Which brings him around to his favorite concept: Leadership. Being team captain.

"I think it's just inculcated in him," says Elise du Pont.

"He thinks it's a lot simpler than most commentators make it out to be," says Manning. "He has the ability to see things in relatively simple terms, and to reject the kind of yammering that tries to persuade you that it's not a simple world.

"He can afford to see things simply," Manning adds, "... because he can afford the risk that the answers yielded by that kind of analysis will offend somebody."

Manning is talking, as most people eventually do, about Pete du Pont's ability to walk away from it all. "I really believe," says Manning, "that people don't want a guy who wants it too much. It certainly worked in Delaware. People had the sense that, 'Here's a guy who does not need to be the governor of Delaware,' and they elected him in record numbers."

It is, finally, that old chestnut about democracy in turmoil: America needs nothing more than a disinterested aristocrat who, having nothing personal at stake, can roll up his sleeves and make the tough choices. A guy who has the ability to "step above the fray."

Someone with a talent for human checkers.

Kenton sees the inherent catch. "I think his serenity has hurt him in the campaign," he says. "Sometimes, the messianic fervor is missing that I think you need to be a successful candidate for president. You've got to just hunger for it."

Du Pont's supporters hope that Dole will beat Bush badly in Iowa on Monday, and that Bush's supporters in New Hampshire, seeing their man's weaknesses, will flock to du Pont. They were not counting on Pat Robertson to draw away conservative voters, or on Jack Kemp's sudden recent rise in the polls. They acknowledge tacitly that if du Pont doesn't finish in the top three in New Hampshire, it's over.
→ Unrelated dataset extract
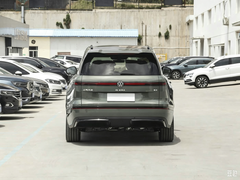 Volkswagen Certified Pre-Owned ID.ERA 9X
Leaving Pete du Pont to get on with -- what? He is now a partner in one of Wilmington's preeminent law firms, but, Swayze says, "he has never fooled any of us into thinking he wanted to practice law."

Du Pont, whose favorite book is "The Wilderness Years," about Winston Churchill's decade out of power, shrugs. He says he'd like to find a way to continue "the approach we're talkin' about ... I'll be involved somehow." Elise du Pont says, "I can see him becoming a member of the media; I can see him writing a book; I can see him going on a lecture series. I can see him, well, I can't think of what else, but that's a fairly -- he's also got a wonderful television persona."

If he were other than Pete du Pont, he might be eyeing the vice presidency, or a Cabinet post. The obvious assumption is that he will run again in four years, or eight.

Glenn Kenton, his longest-running political associate, cautions against jumping to that conclusion.

"He's goal-oriented," says Kenton. "He wants to see the goal and see a way he can get there, on a time horizon he can see doing. Getting into politics and spending 30 years lining up your re'sume' just isn't somethingfor him. So when he decides to run for president, he's going to do it one time, put everything he's got into it, and let the chips fall where they may."

Listen again, carefully, to Pete du Pont's description of why, after six years, he decided to leave the family business:

"You begin to realize that in an enormous company -- and I had lots of good opportunities there -- but in an enormous company like that, the chance of being in charge and leading really is 30 years away. That's a long horizon."